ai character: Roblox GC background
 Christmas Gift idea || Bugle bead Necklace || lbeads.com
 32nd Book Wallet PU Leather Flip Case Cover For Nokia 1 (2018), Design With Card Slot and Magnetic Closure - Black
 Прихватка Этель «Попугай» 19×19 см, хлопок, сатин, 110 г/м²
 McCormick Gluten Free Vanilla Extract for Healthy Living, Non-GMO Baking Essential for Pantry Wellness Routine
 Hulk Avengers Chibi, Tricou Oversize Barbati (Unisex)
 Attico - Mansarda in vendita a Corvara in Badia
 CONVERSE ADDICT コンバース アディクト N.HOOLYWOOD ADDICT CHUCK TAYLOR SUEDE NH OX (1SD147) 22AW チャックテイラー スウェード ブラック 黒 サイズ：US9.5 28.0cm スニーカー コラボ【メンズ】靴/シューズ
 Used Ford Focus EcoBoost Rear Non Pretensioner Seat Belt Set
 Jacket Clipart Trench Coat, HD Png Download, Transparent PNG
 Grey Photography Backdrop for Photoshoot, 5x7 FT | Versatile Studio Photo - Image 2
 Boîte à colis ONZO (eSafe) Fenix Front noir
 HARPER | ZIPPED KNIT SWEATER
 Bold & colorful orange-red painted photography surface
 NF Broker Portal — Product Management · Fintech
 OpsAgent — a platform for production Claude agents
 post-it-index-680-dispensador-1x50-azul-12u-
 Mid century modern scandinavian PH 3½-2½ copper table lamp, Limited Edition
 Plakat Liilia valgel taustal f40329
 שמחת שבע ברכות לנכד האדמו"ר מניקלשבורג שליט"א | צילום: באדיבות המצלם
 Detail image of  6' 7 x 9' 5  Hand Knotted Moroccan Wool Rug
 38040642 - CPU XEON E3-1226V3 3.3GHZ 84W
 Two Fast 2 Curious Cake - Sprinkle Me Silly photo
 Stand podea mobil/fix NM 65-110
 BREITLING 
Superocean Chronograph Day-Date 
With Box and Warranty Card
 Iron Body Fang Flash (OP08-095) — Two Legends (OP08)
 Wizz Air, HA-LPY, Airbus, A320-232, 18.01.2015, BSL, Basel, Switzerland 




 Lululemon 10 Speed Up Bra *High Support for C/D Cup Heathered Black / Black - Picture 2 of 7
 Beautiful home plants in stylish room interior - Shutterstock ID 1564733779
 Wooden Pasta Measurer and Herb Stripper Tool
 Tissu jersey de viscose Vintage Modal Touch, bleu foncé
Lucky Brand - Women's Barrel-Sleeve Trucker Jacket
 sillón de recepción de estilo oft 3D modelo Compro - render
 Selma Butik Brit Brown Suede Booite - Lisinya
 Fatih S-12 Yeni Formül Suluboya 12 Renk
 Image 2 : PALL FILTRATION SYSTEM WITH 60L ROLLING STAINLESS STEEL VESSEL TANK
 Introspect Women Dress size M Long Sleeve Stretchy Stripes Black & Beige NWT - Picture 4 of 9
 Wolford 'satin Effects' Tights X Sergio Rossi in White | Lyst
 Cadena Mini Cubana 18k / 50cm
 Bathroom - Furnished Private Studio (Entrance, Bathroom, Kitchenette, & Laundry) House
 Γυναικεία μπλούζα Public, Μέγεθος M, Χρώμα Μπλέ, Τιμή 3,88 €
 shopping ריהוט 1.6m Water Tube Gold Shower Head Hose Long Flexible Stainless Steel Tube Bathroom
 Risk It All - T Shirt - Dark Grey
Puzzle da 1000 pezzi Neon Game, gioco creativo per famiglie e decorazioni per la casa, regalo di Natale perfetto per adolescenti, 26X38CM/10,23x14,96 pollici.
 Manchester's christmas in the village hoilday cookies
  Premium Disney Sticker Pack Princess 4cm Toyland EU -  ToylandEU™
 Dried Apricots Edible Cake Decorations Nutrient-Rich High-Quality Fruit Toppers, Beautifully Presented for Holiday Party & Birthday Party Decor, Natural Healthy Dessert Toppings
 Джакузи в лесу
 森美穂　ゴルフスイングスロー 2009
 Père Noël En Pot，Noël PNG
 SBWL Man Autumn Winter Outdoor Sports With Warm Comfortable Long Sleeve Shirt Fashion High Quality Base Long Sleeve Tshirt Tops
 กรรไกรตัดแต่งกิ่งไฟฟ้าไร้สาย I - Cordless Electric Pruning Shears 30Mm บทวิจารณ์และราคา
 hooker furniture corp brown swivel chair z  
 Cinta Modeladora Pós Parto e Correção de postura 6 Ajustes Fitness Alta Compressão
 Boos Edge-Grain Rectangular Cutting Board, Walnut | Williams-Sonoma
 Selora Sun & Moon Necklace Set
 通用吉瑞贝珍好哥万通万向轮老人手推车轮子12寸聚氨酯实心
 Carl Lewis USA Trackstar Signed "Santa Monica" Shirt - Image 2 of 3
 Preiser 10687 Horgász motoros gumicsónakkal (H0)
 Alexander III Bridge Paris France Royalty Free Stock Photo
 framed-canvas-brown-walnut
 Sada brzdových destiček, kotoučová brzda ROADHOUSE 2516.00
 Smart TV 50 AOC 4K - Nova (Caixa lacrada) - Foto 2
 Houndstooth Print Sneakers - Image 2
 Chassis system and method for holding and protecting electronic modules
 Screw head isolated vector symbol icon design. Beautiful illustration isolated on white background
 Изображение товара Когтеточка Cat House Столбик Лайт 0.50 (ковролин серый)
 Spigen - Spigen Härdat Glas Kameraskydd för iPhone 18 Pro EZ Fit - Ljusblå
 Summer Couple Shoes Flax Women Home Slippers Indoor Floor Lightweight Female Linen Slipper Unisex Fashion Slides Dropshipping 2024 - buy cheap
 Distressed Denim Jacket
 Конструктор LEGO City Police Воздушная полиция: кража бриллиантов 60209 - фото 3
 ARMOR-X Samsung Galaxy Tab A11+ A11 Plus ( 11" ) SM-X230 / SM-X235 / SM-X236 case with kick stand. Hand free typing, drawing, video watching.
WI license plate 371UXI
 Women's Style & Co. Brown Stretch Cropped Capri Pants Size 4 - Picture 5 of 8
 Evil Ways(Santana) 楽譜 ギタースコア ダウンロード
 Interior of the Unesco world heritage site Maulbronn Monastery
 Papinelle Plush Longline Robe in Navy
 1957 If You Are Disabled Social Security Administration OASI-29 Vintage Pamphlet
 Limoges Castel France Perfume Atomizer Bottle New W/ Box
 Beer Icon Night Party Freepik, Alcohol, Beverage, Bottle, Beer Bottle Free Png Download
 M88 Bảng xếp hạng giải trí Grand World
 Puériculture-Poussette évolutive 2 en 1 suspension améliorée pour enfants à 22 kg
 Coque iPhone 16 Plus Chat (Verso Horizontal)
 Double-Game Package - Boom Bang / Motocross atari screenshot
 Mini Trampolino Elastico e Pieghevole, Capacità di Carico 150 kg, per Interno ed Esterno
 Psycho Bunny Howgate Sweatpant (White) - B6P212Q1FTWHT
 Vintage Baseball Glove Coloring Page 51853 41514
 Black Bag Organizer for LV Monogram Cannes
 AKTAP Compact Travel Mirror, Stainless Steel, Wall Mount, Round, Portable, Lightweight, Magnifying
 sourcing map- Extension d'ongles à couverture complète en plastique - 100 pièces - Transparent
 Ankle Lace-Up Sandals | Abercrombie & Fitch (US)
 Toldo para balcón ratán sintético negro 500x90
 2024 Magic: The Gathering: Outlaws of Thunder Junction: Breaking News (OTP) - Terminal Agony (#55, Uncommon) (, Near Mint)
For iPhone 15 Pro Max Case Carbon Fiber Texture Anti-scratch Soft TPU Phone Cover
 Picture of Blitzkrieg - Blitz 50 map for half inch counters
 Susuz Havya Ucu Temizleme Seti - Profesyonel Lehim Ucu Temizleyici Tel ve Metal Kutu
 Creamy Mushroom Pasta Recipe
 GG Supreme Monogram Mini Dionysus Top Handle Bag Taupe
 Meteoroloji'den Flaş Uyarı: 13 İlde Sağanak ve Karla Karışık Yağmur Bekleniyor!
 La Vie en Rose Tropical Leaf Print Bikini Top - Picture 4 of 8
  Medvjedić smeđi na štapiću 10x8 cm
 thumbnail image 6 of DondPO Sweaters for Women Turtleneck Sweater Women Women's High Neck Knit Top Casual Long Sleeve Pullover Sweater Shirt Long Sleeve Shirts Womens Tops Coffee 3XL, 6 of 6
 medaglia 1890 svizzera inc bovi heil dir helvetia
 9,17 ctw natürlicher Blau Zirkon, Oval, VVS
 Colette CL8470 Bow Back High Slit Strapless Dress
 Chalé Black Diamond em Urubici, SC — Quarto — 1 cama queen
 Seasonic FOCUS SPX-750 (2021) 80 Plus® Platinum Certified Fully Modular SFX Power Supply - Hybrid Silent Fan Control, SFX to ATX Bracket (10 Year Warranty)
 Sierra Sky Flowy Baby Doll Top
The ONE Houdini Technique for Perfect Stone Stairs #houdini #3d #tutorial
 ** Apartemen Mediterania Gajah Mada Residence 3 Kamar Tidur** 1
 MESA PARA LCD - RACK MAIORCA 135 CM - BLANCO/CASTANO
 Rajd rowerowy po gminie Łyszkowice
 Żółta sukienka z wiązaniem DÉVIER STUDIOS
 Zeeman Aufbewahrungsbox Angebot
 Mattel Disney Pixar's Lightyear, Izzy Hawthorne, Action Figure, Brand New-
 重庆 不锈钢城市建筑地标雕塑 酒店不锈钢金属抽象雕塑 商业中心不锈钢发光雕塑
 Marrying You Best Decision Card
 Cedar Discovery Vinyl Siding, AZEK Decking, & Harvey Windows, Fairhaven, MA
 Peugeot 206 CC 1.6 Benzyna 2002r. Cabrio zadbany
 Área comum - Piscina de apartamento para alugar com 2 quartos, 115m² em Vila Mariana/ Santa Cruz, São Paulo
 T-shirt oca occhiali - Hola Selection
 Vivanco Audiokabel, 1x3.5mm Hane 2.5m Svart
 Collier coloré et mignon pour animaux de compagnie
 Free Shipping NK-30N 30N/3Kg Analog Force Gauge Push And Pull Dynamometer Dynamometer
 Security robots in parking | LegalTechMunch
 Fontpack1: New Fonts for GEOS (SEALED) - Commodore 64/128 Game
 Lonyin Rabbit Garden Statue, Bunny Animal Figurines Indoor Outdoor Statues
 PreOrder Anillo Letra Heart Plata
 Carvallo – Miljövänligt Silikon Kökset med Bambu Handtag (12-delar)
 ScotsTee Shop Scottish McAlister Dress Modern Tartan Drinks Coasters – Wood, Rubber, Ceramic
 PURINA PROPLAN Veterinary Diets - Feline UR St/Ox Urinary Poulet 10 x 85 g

-- -- --

▶ EXERCISE OBJECTIVE:
Proceeding from the line containing "Cadena Mini Cubana 18k / 50cm" through the line containing "กรรไกรตัดแต่งกิ่งไฟฟ้าไร้สาย I - Cordless", transcribe the lines above exactly, both end lines included.

▶ WRITTEN SOLUTION:
 Cadena Mini Cubana 18k / 50cm
 Bathroom - Furnished Private Studio (Entrance, Bathroom, Kitchenette, & Laundry) House
 Γυναικεία μπλούζα Public, Μέγεθος M, Χρώμα Μπλέ, Τιμή 3,88 €
 shopping ריהוט 1.6m Water Tube Gold Shower Head Hose Long Flexible Stainless Steel Tube Bathroom
 Risk It All - T Shirt - Dark Grey
Puzzle da 1000 pezzi Neon Game, gioco creativo per famiglie e decorazioni per la casa, regalo di Natale perfetto per adolescenti, 26X38CM/10,23x14,96 pollici.
 Manchester's christmas in the village hoilday cookies
  Premium Disney Sticker Pack Princess 4cm Toyland EU -  ToylandEU™
 Dried Apricots Edible Cake Decorations Nutrient-Rich High-Quality Fruit Toppers, Beautifully Presented for Holiday Party & Birthday Party Decor, Natural Healthy Dessert Toppings
 Джакузи в лесу
 森美穂　ゴルフスイングスロー 2009
 Père Noël En Pot，Noël PNG
 SBWL Man Autumn Winter Outdoor Sports With Warm Comfortable Long Sleeve Shirt Fashion High Quality Base Long Sleeve Tshirt Tops
 กรรไกรตัดแต่งกิ่งไฟฟ้าไร้สาย I - Cordless Electric Pruning Shears 30Mm บทวิจารณ์และราคา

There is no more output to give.